Pera gave him another one of those smiles. (Xion was going to die). “Hope this helps.”

Xion couldn’t trust his voice. Swallowed. Nodded.

“Thanks.”

Pera’s smile grew. _Abort!!_ “Good night.”

“You too.”

He spent the rest of the night awake, decidedly _not_ looking in Pera’s direction.

Pera slept the night without incident, peaceful and oddly pretty, especially when first morning rays peeked in through the shitty curtains the dorm came equipped with.

There was a weird warmth in the bottom of Xion’s stomach. He decided to blame it on the tea.

__

 

The music was loud and the drink someone pushed into his hand was gross (and probably a bad idea — what were the chances someone spiked it with something more sinister than a questionable combination of bud light and Johnny Walker? Xion had heard the stories but he also, objectively, knew that drugs were expensive and this place was packed with people getting wrecked on their own, was anyone really that invested ?)

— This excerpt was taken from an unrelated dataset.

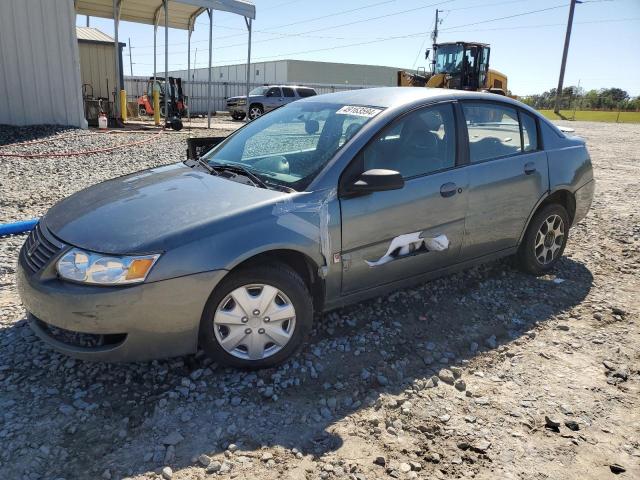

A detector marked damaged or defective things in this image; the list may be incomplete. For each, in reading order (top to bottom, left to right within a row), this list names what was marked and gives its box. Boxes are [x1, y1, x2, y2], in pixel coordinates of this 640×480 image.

damaged car door [338, 103, 468, 294]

Phyrane Tinueth, the girl from his History of ancient civilisations class, was sprawled out on the couch next to him, sipping on her glass.

“Hey,” she spoke up.

Xion looked at her.

“Don’t take this the wrong way,” she sloshed the liquid in her glass about (where’d she get a legit glass?) (maybe it was better he didn’t know). “But I’m trying to get laid.”

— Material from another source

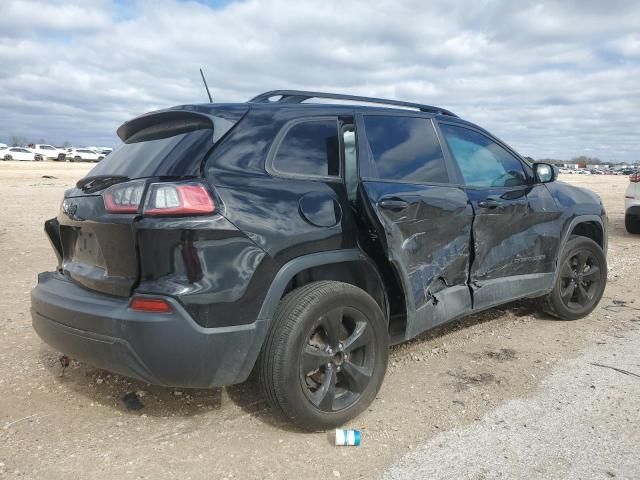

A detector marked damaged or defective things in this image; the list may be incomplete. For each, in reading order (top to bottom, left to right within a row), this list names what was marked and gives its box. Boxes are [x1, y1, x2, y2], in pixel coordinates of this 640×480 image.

damaged front door [356, 112, 476, 340]
dented rear door [356, 113, 476, 340]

Xion blinked, a little taken aback. “Oh?”

“And right now, it looks like you’re my boyfriend.”

“Oh.”

“Which you’re not.”

“Yeah, I’m aware.”

“So,” Phyrane smacked her lips. “You need to go.”

“Right.”

She smiled. “Bye, then.”

He got up and walked away, almost as if on autopilot. _That sure just happened._

The kitchen was crowded — Xion watched the Motley trio (or a ...quadr — a foursome? That sounded wrong? They had a dog — or something that looked like a dog) play beer pong for a full minute, still processing. 

The short stocky bearded guy finished off the last of the beer, let out a victory scream — the short blonde Xion had seen work the local coffee shop and a clearly drunk redhead both cheered on, the animal-whose-species-Xion-couldn’t-deduce-oh-god-he-was-going-to-fail-biology pseudo-howling along.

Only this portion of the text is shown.